Work instruction
Quote the lines of the data below verbatim, beginning at the line that contains "nuovi farmaci antivirali" and ending at the last line, both included, and excluding pictures.

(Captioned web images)
-- Opening Marker --

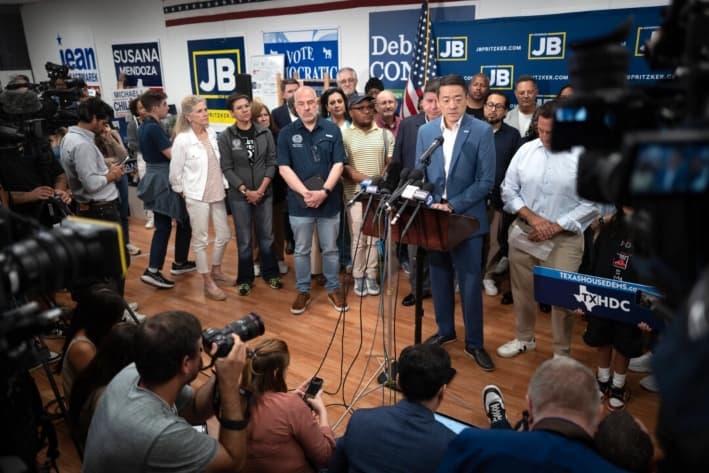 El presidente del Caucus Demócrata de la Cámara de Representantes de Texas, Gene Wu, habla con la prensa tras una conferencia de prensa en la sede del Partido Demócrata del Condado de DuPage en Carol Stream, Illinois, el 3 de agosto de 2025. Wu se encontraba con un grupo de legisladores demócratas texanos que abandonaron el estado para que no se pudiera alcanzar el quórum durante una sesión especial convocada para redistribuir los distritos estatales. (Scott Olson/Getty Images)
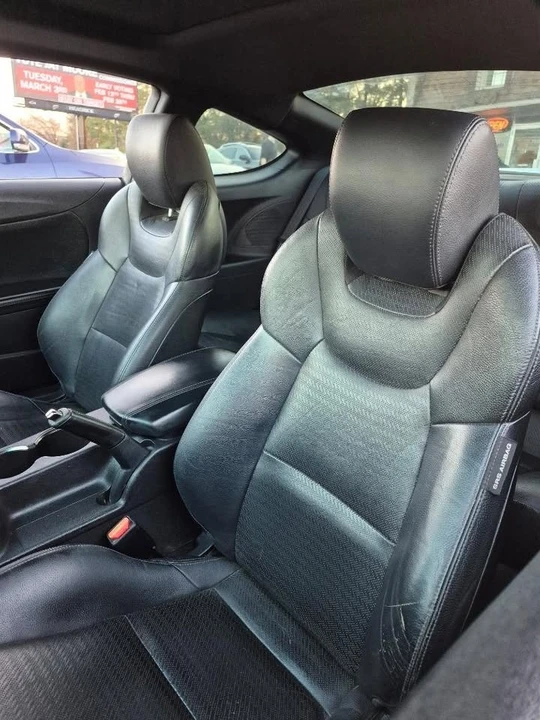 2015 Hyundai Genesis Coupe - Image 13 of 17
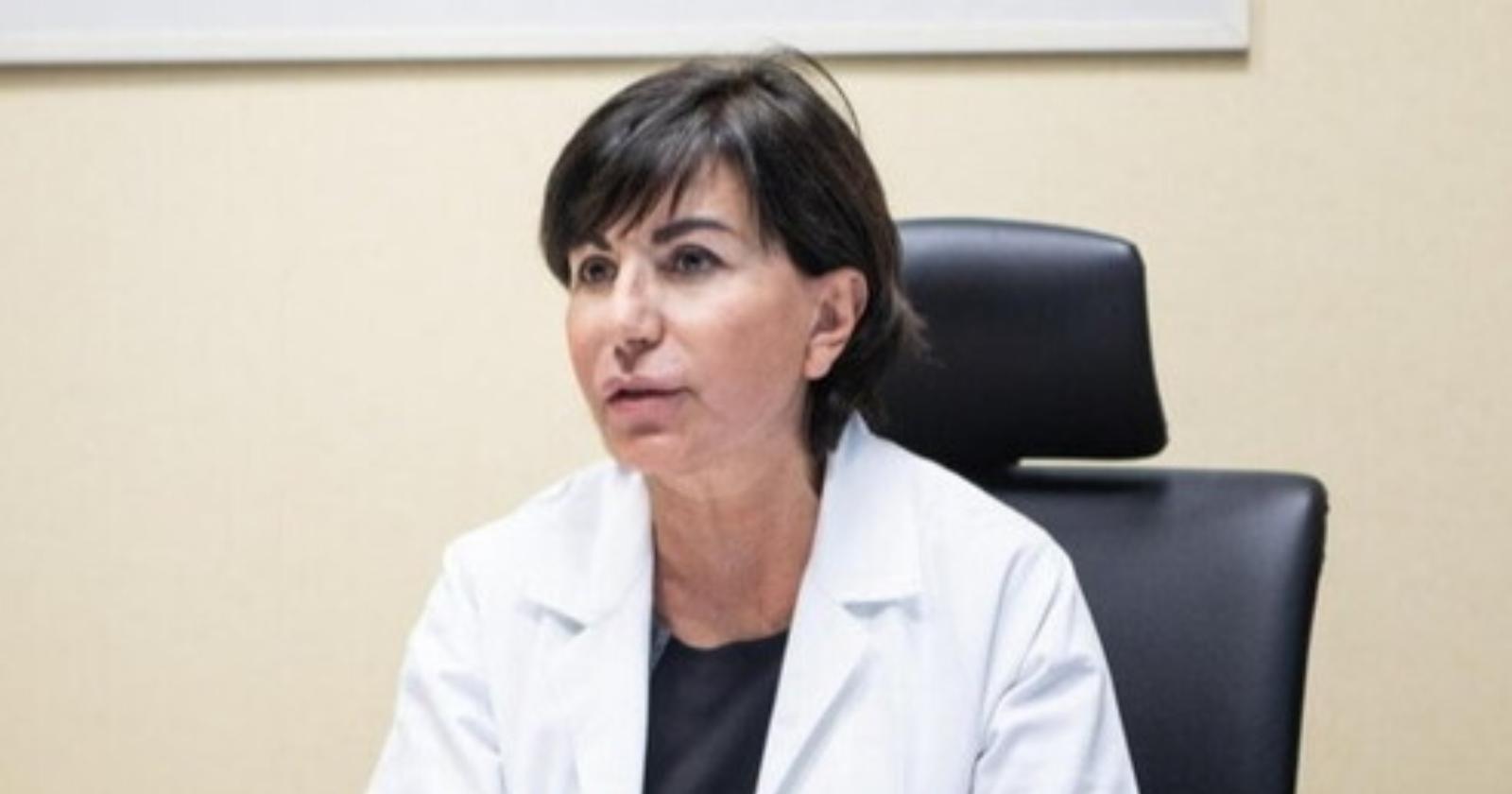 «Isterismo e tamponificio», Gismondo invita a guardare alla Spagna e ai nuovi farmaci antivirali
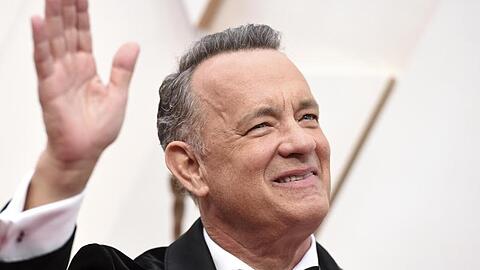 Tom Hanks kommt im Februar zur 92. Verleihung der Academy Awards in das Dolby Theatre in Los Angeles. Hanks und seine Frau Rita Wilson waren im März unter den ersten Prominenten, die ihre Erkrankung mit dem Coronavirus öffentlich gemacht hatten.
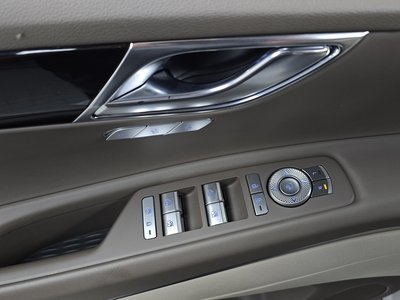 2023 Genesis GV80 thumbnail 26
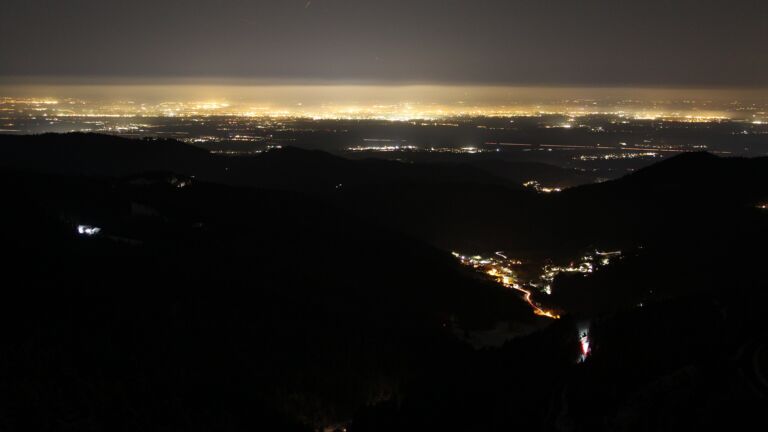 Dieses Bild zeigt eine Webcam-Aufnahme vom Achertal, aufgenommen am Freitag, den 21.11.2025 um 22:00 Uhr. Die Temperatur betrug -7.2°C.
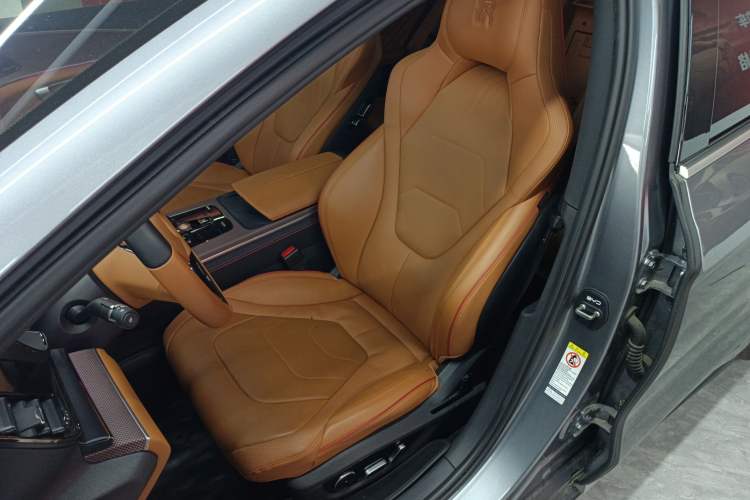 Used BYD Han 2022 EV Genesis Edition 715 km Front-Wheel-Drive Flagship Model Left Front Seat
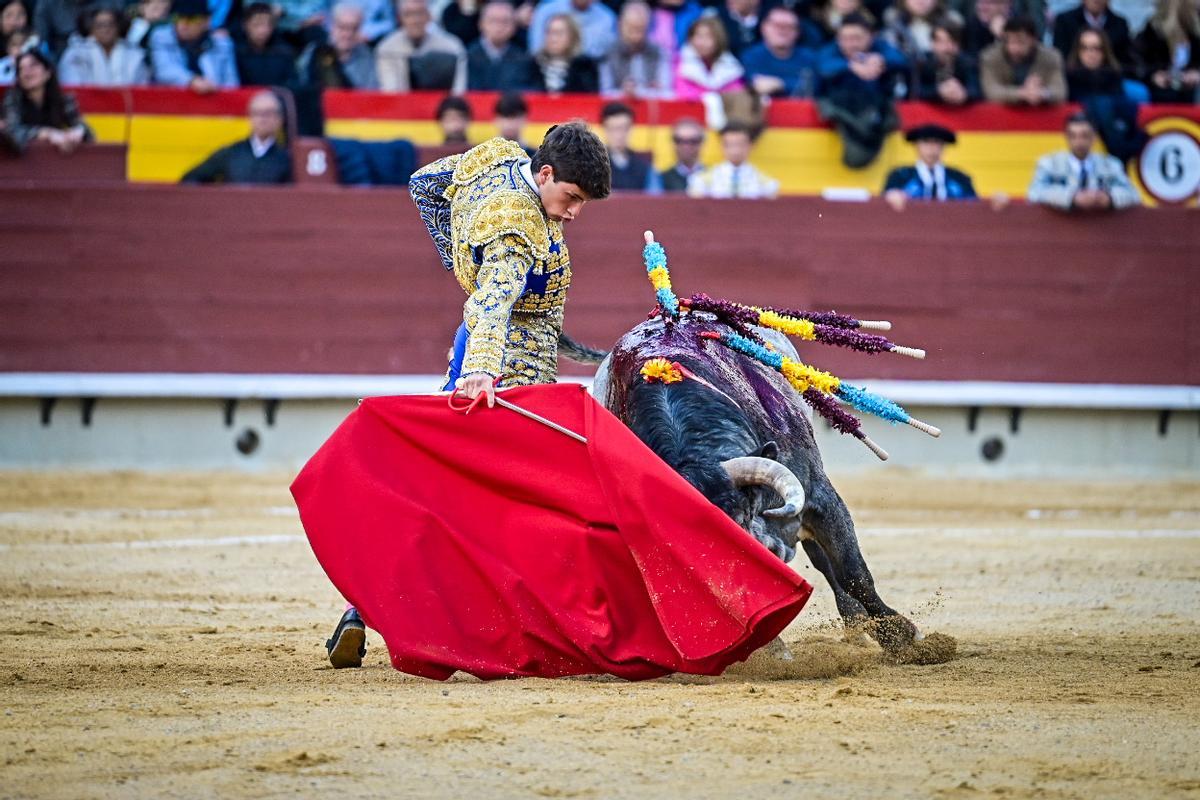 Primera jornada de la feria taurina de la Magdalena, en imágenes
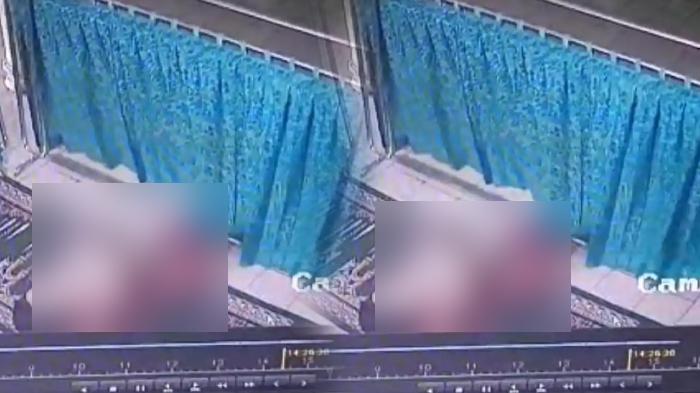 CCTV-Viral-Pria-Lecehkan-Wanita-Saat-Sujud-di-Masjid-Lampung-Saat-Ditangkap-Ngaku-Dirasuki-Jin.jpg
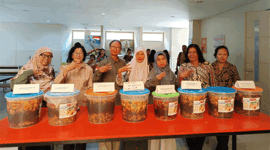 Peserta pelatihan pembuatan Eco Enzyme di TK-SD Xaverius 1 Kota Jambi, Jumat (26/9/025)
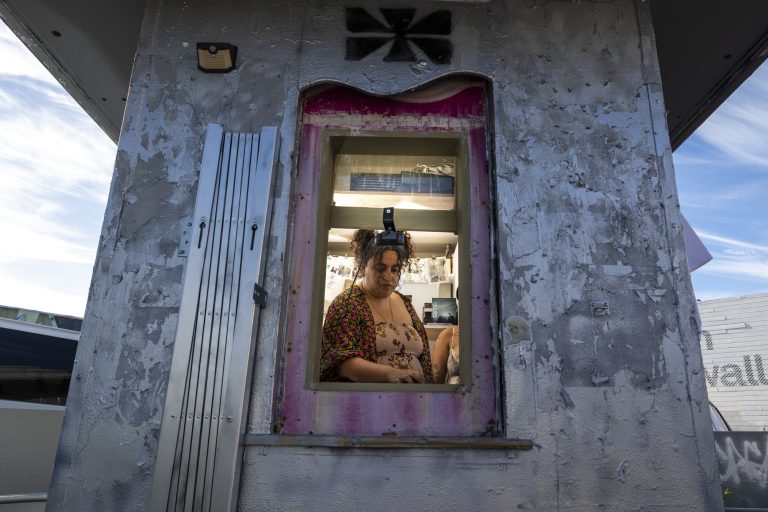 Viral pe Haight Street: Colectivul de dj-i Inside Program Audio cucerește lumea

-- Closing Marker --

Expected answer
 «Isterismo e tamponificio», Gismondo invita a guardare alla Spagna e ai nuovi farmaci antivirali
 Tom Hanks kommt im Februar zur 92. Verleihung der Academy Awards in das Dolby Theatre in Los Angeles. Hanks und seine Frau Rita Wilson waren im März unter den ersten Prominenten, die ihre Erkrankung mit dem Coronavirus öffentlich gemacht hatten.
 2023 Genesis GV80 thumbnail 26
 Dieses Bild zeigt eine Webcam-Aufnahme vom Achertal, aufgenommen am Freitag, den 21.11.2025 um 22:00 Uhr. Die Temperatur betrug -7.2°C.
 Used BYD Han 2022 EV Genesis Edition 715 km Front-Wheel-Drive Flagship Model Left Front Seat
 Primera jornada de la feria taurina de la Magdalena, en imágenes
 CCTV-Viral-Pria-Lecehkan-Wanita-Saat-Sujud-di-Masjid-Lampung-Saat-Ditangkap-Ngaku-Dirasuki-Jin.jpg
 Peserta pelatihan pembuatan Eco Enzyme di TK-SD Xaverius 1 Kota Jambi, Jumat (26/9/025)
 Viral pe Haight Street: Colectivul de dj-i Inside Program Audio cucerește lumea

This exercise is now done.